これは一種のエフェクトみたいなものだ。
最初に色を加える過程があり、次に色を塗る過程がある。
2番目の過程はノイズ除去とも言える。
通常、写真は細かい粒子の情報が集積して出来ているが、その細かい情報を大ざっぱにしてしまう。
それは色を間引いているようなもので、情報量としては欠損させている。
2番目の過程ではあまり考える必要はない。
写真を絵のように見せられるかは、1番目の過程でどのような色を選択するかがポイントとなる。
ここで失敗すると絵筆で描いたような写真にはならない。
全体を通してみると単なる情報の欠如と言いきれないような気もする。
確かにある意味では情報の欠落が生じている。
例えばアルコールなどのドラッグを考えてみると、飲酒によって平衡感覚などが欠如するが、飲酒による効能も全くない訳ではない。
お酒にしても絵の加工にしても、単に情報を欠落させているだけではないので、エフェクトという単語を使用することにする。

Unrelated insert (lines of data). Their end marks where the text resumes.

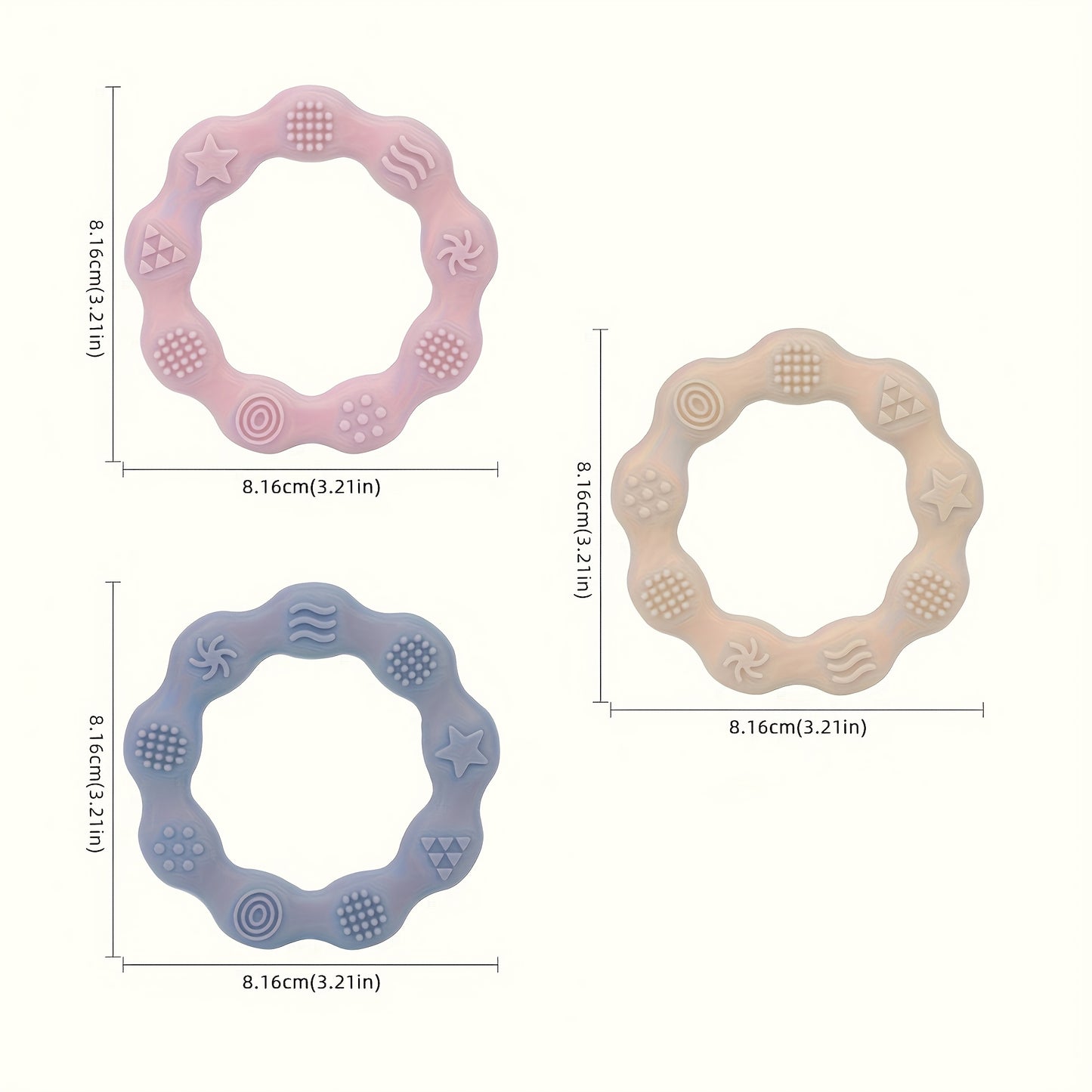 TYRY.HU Baby Teething Ring for 6+ Months - Soft Silicone Teether Toy with Textured, Newborn Gum, Dishwasher - Suitable for 0-2 Years (Bright,,,)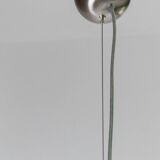 Grand plafonnier vintage en verre de Murano blanc avec bord noir et support en acier inoxydable – lampe suspendue italienne des années 1970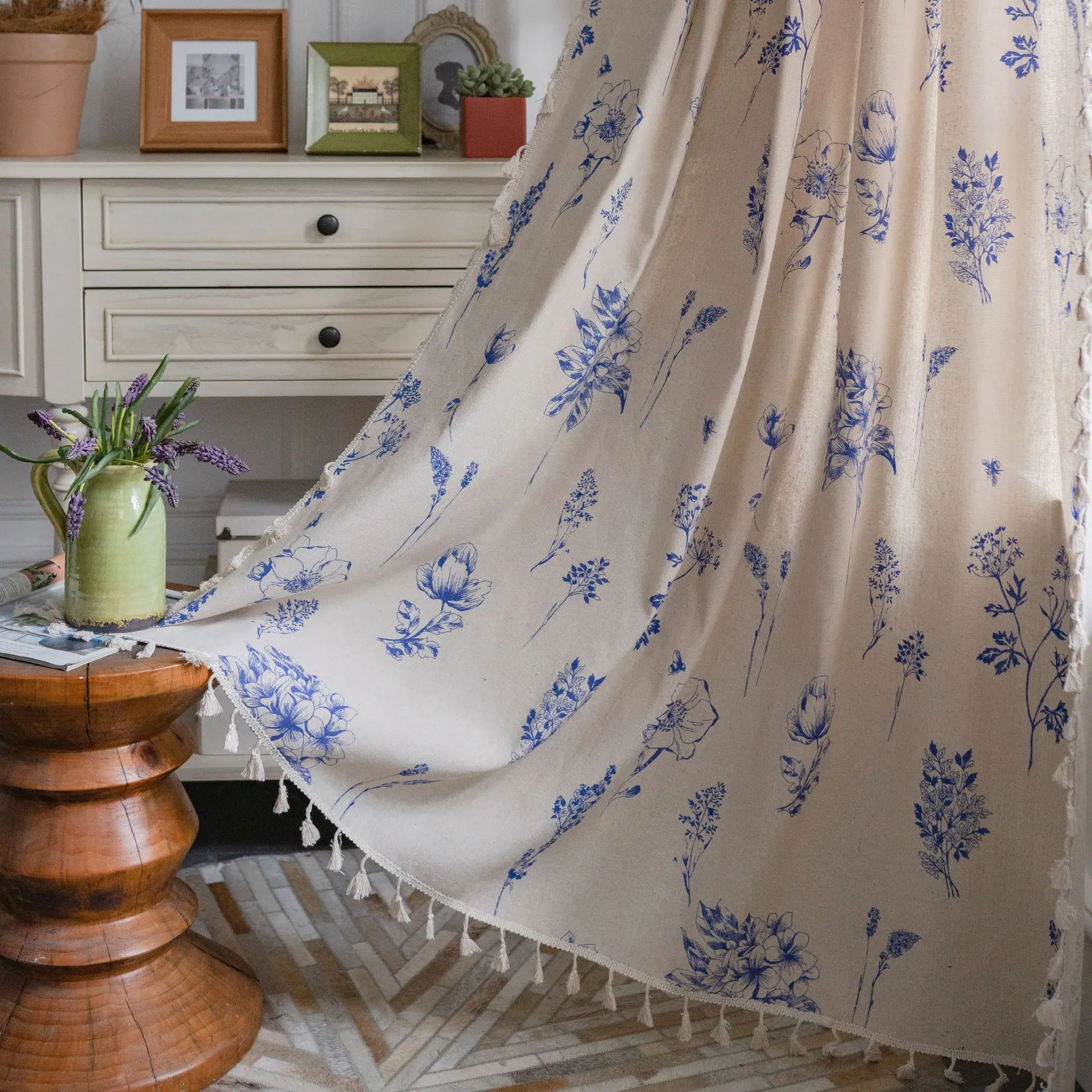 

Curtains for Living Dining Room Bedroom New American Country Style Blue Flowers Printed Finished Kitchen Semi-shading Windows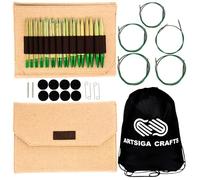 Lykke Grove 5 in. Complete Set US Sizes US 3, 4, 5, 6, 7, 8, 9, 10, 10.5, 11, 13, 15 Interchangeable Circ. Knitting Needles for DK, Worsted, Chunky Yarn, Bamboo, 5 Cords, Beige JU Case, Project Bag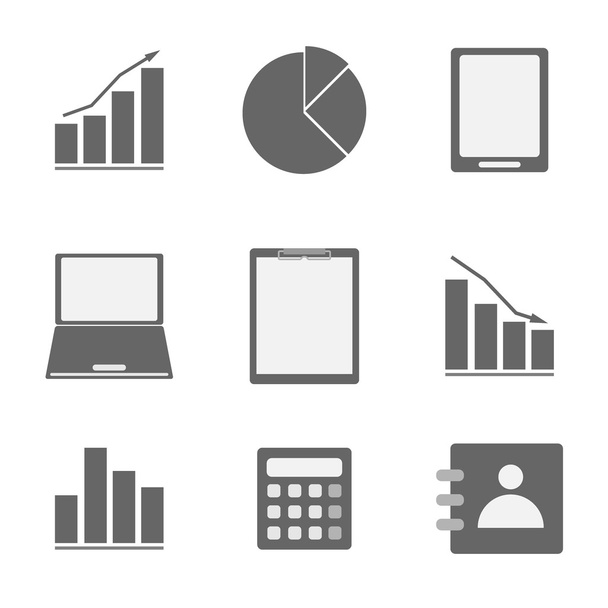 Business icon set on white background - Vettoriali, immagini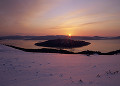 冬の美幌峠から屈斜路湖と朝日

エフェクトのかけ方によって、人間が写真のように判断したり、絵のように判断したりするのは不思議なものだ。
脳がそのように判断に至るまでの要素があったことになる。
写真はリアルで絵は想像の世界のもの。
文章でいうならノンフィクションと小説の違い。
一見似ているようでいて、全く非なるものだというところが面白い。